=== Input records ===
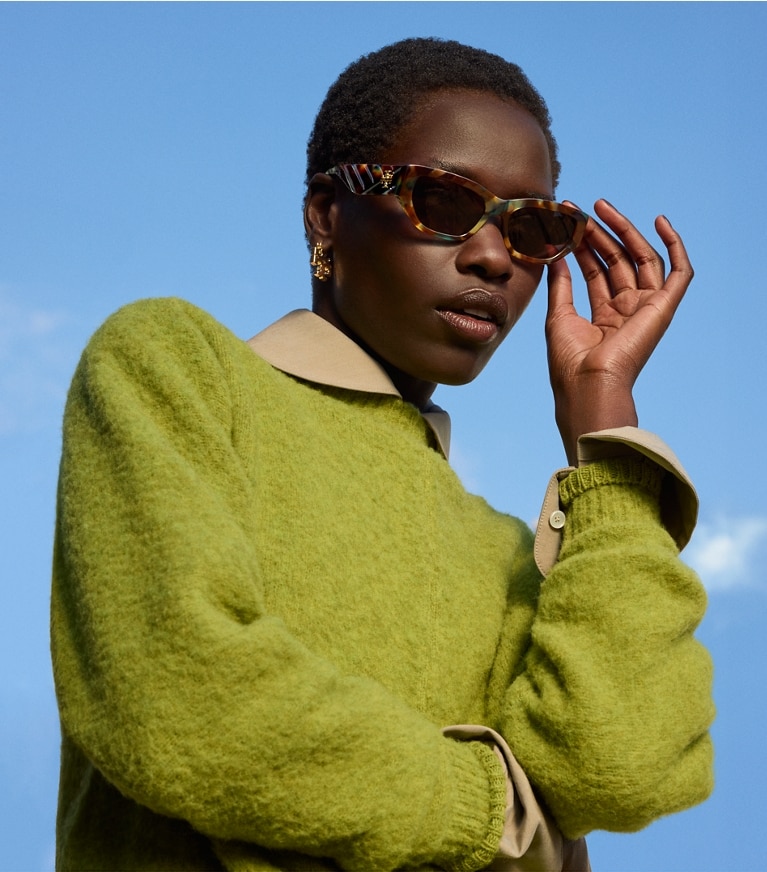 Tory Burch designer sweaters Wool Sweater in Avocado campaign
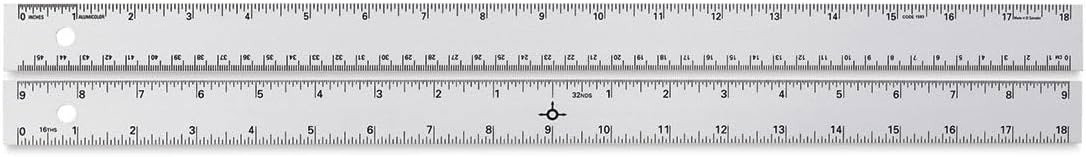 Alumicolor 18" Aluminum Straight Edge Ruler with Center Finding Back - (100043118)
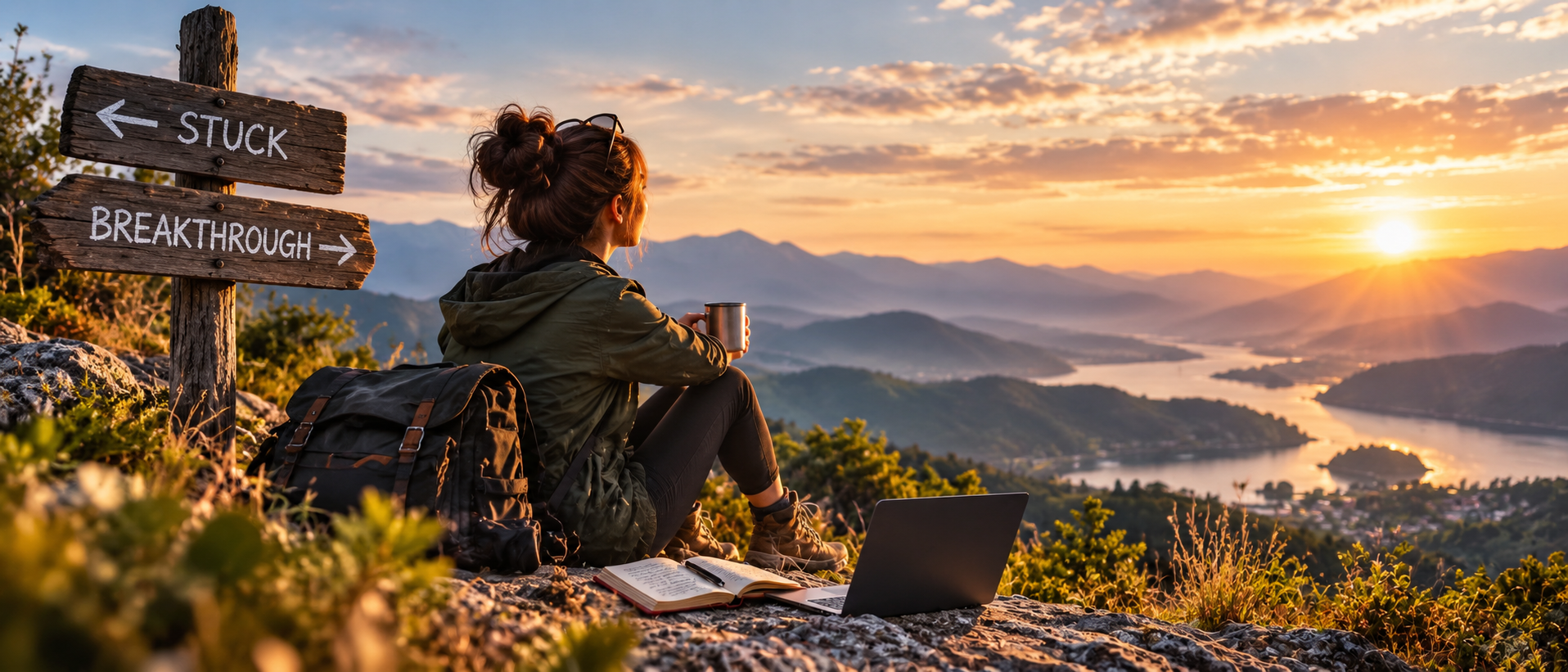 Woman overlooking a mountain valley at sunrise, symbolising a breakthrough after feeling stuck in affiliate marketing.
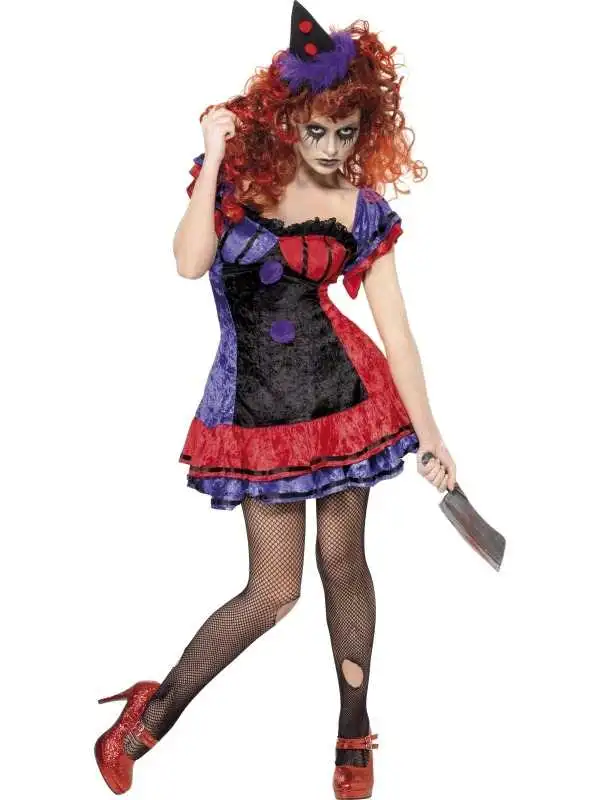 Circus Sinister Clown Dames Halloween Kostuum 3 Circus Sinister Clown Dames Halloween Kostuum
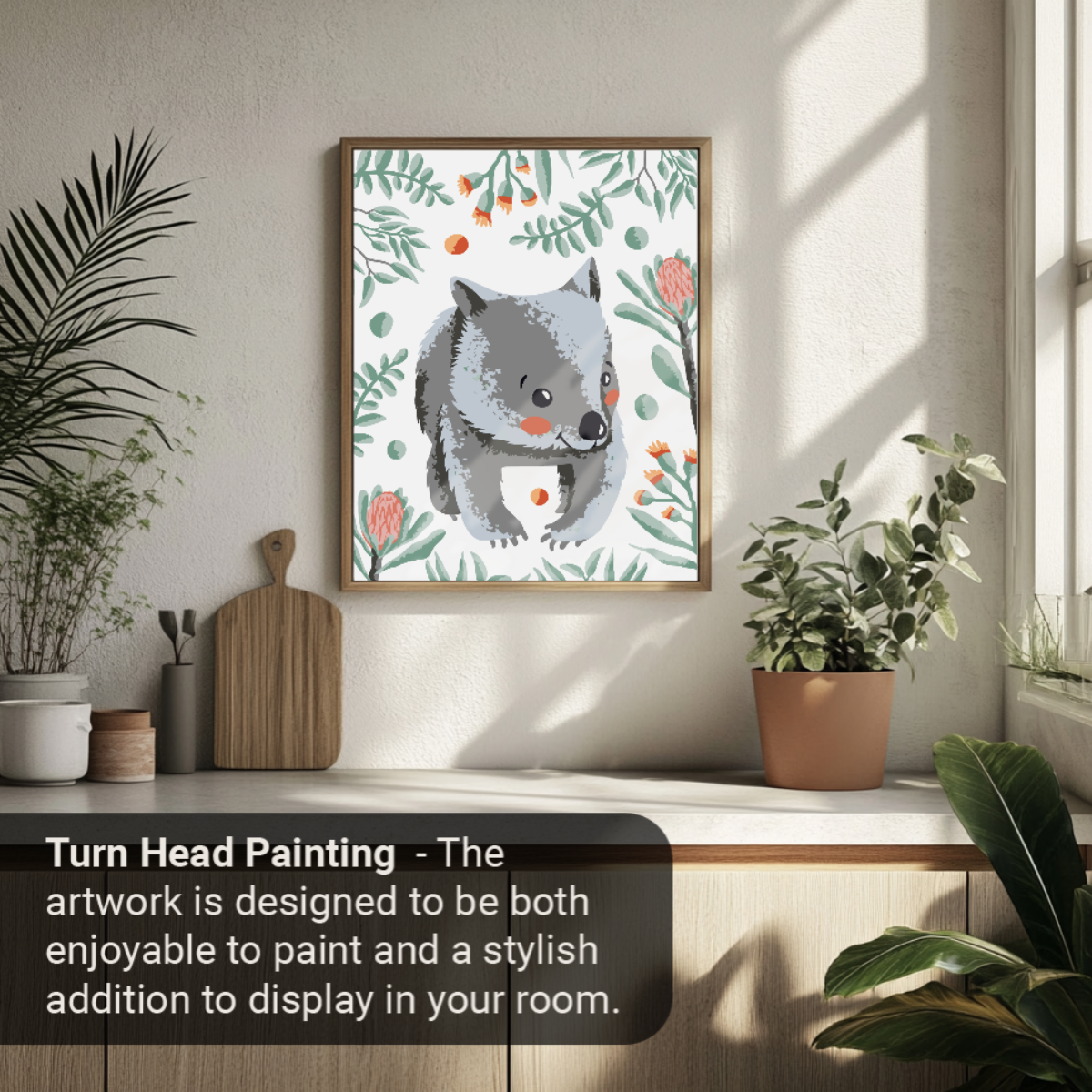 40x50cm Paint by Numbers Kit: Wombat's Woodland Charm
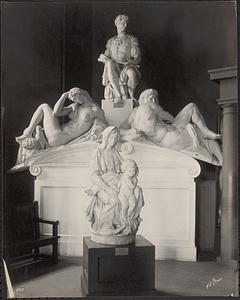 Copies of Michelangelo's "Madonna of Bruges" and Medici Chapel sculptures, Museum of Fine Arts, Boston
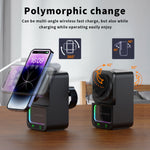 DH19 5-in-1 15W Wireless Magnetic Charger Come with bluetooth Speaker Night Light Function Fast Wireless Charging Station for Smart Phone for iPhone 17 17Pro 16 15 14 Pro Max for Huawei Pura 80 Ultra for XIAOMi for Apple Watch for Airpods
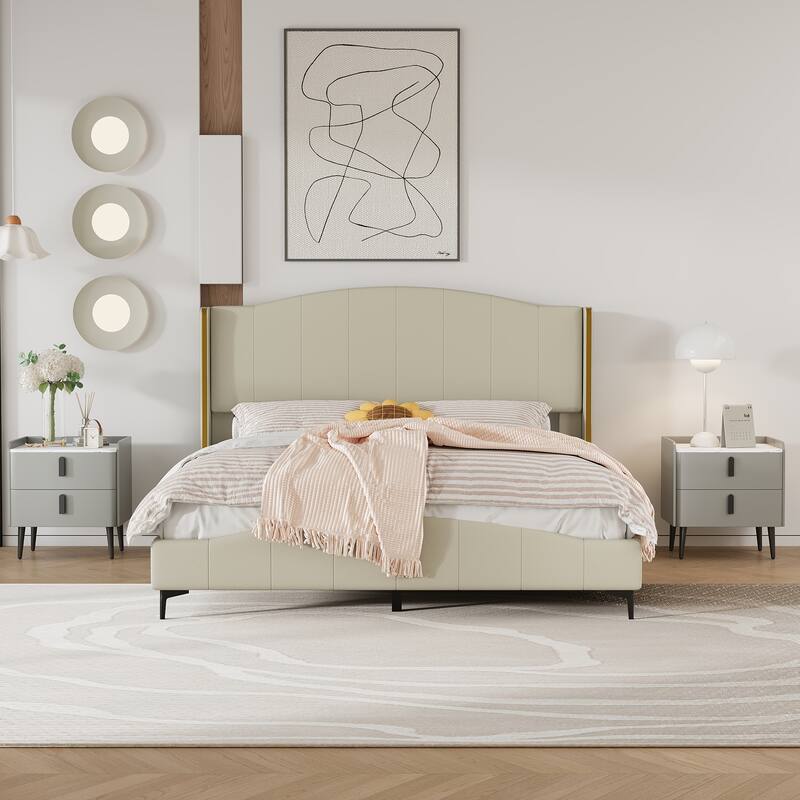 Modern 2-Drawer Nightstand with Marble-Pattern Top - Bedside/End Table for Bedroom/Living Room (Gray)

=== Required work ===
Please repeat all of the data exactly, excluding images.

=== Reply to the exercise ===
 Tory Burch designer sweaters Wool Sweater in Avocado campaign
 Alumicolor 18" Aluminum Straight Edge Ruler with Center Finding Back - (100043118)
 Woman overlooking a mountain valley at sunrise, symbolising a breakthrough after feeling stuck in affiliate marketing.
 Circus Sinister Clown Dames Halloween Kostuum 3 Circus Sinister Clown Dames Halloween Kostuum
 40x50cm Paint by Numbers Kit: Wombat's Woodland Charm
 Copies of Michelangelo's "Madonna of Bruges" and Medici Chapel sculptures, Museum of Fine Arts, Boston
 DH19 5-in-1 15W Wireless Magnetic Charger Come with bluetooth Speaker Night Light Function Fast Wireless Charging Station for Smart Phone for iPhone 17 17Pro 16 15 14 Pro Max for Huawei Pura 80 Ultra for XIAOMi for Apple Watch for Airpods
 Modern 2-Drawer Nightstand with Marble-Pattern Top - Bedside/End Table for Bedroom/Living Room (Gray)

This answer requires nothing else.